Violência

A Maré pede respeito

Depois de operação policial que deixou 10 mortos, moradores do complexo de favelas do Rio realizam ato para exigir compromisso público do governador Sérgio Cabral com o fim da violência policial

MARCELO SAYÃO/EFE

Duas pessoas são presas na manhã seguinte à operação que resultou em dez mortes

No auge da agitação da cidade do Rio com as manifestações de junho, os moradores do bairro Bonsucesso também se levantaram para um protesto. A pauta não era bem definida, mas a aglomeração de 300 pessoas foi suficiente para criar uma situação favorável para furtos. De acordo com as justificativas policiais, um grupo realizou um arrastão na Avenida Brasil, que estava bloqueada pela manifestação, e, ao se perceberem perseguidos, correram para as ruas que dão acesso ao complexo da Maré, vizinha ao bairro.
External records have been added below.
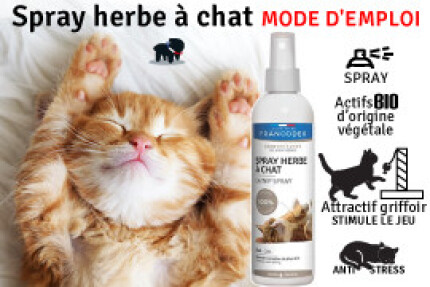 Spray herbe à chat, conseil d'achat, à partir de 5.99 € 
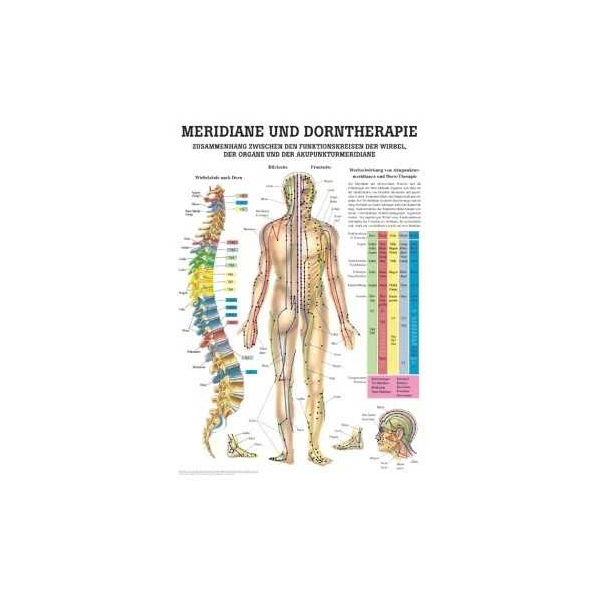 anatomische Lehrtafel Dorntherapie und Meridiane 70 x 100 cm laminiert
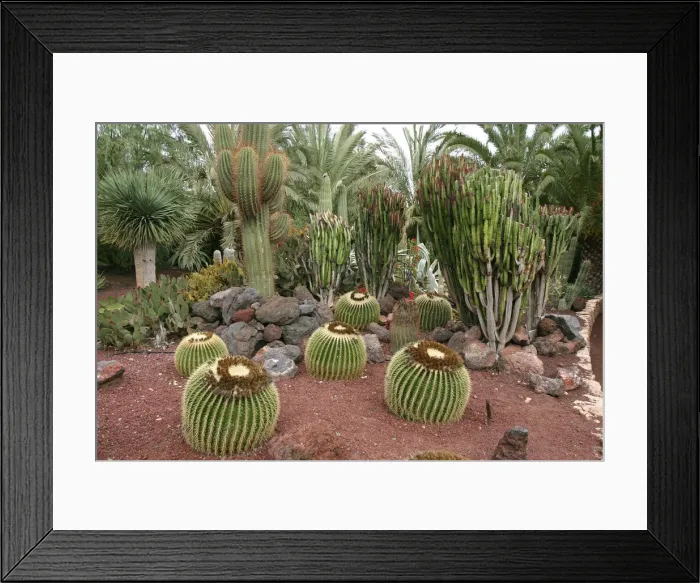 Framed Print : Cactus Garden, Fuerteventura, Canary Islands Framed Print : Cactus Garden, Fuerteventura, Canary Islands
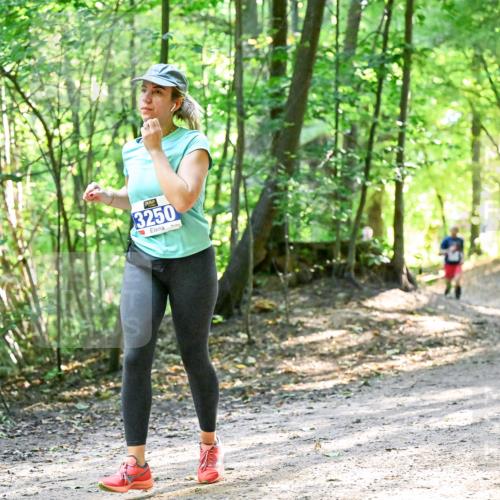 28.09.2025 - 33. Volkslauf durch das schöne Alstertal Dr. Thomas Lammeyer http://msf.ph/oto/8962460 28.09.2025 11:11:12 Laufen 3250 meine-sportfotos.de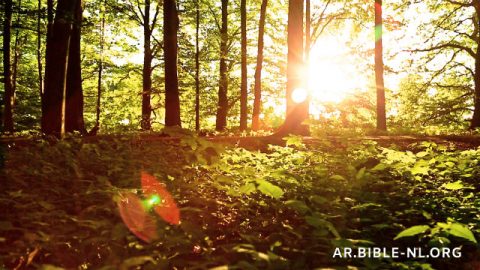 درجة الحرارة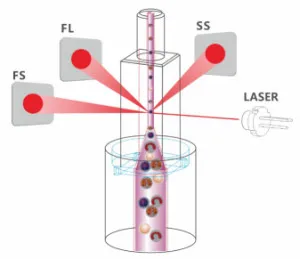 Measurement Principles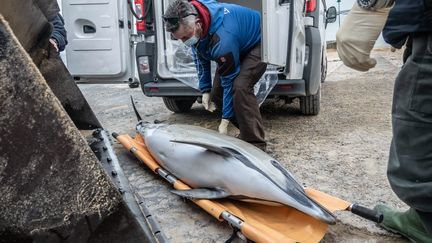 Des membres du centre Pelagis ramassent un dauphin échoué sur une plage près des Portes-en-Ré (Charente-Maritime) le 7 janvier 2021 (XAVIER LEOTY / MAXPPP)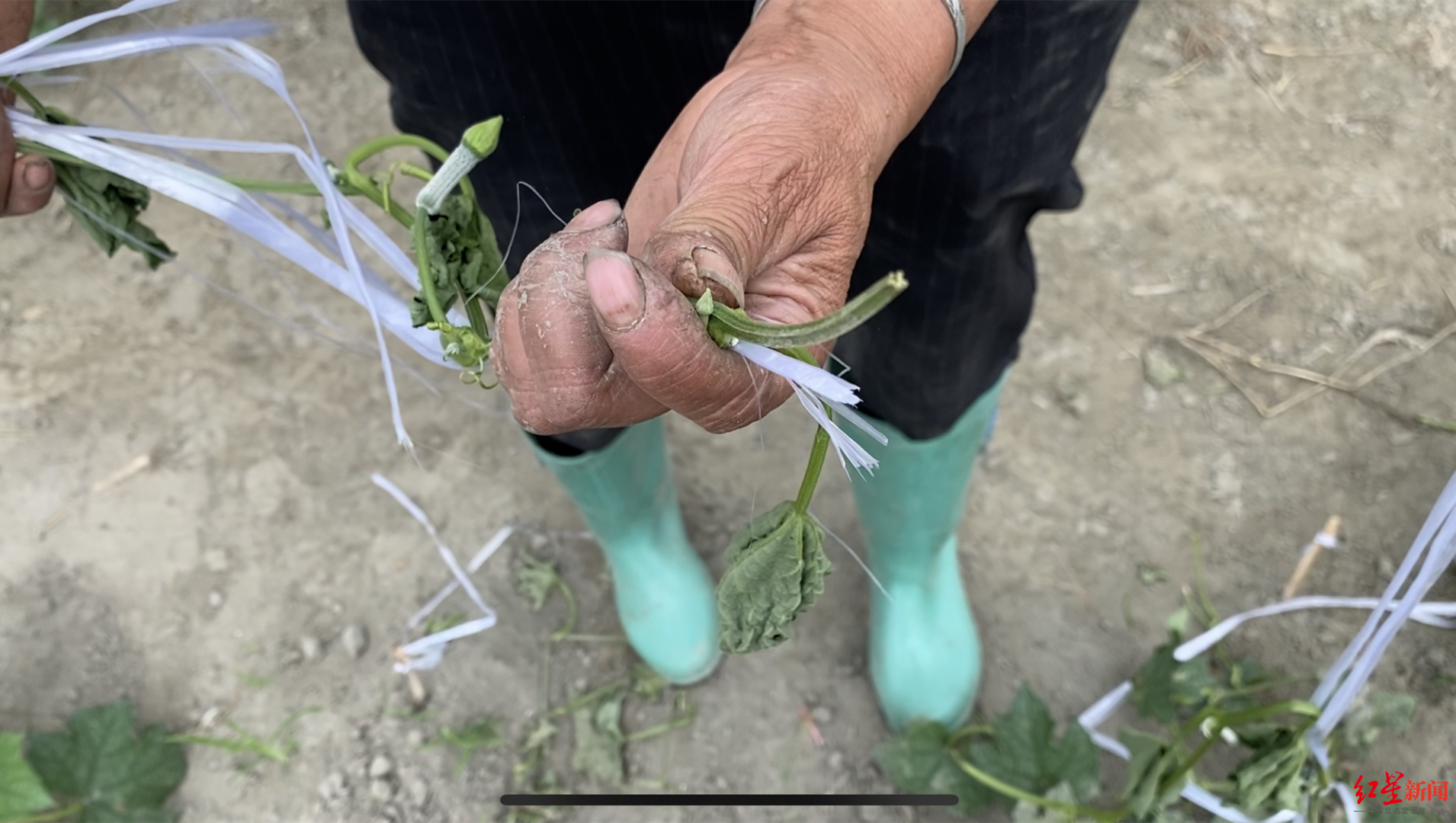 被割断的丝瓜根茎.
Essa situação bastou para deflagrar um massacre até então inédito na comunidade. Seis alegados traficantes foram mortos, além de 3 pessoas que não tinham qualquer envolvimento com o crime e também um sargendo do Batalhão de Operações Especiais (Bope).

Apesar de acostumados com uma violência policial desproporcional ao que se vê fora da favela, os moradores da Maré afirmam que jamais houve uma ação policial tão desastrada no local. Depois das mortes, na manhã do dia 25, os policiais continuavam controlando os acessos da comunidade, parando inadvertidamente quem entrava e quem saía do local.

Em uma conversa com líderes de 9 das 16 comunidades que compõem o complexo da Maré, conheci as reclamações sobre a sempre presente violência policial, a busca por um compromisso do poder público e a vontade de serem vistos como cidadãos, não como suspeitos. Conheci também a profunda descrença dessas pessoas com o poder público. Uma vida toda de descaso com a favela tira a credibilidade dos governantes perante os moradores.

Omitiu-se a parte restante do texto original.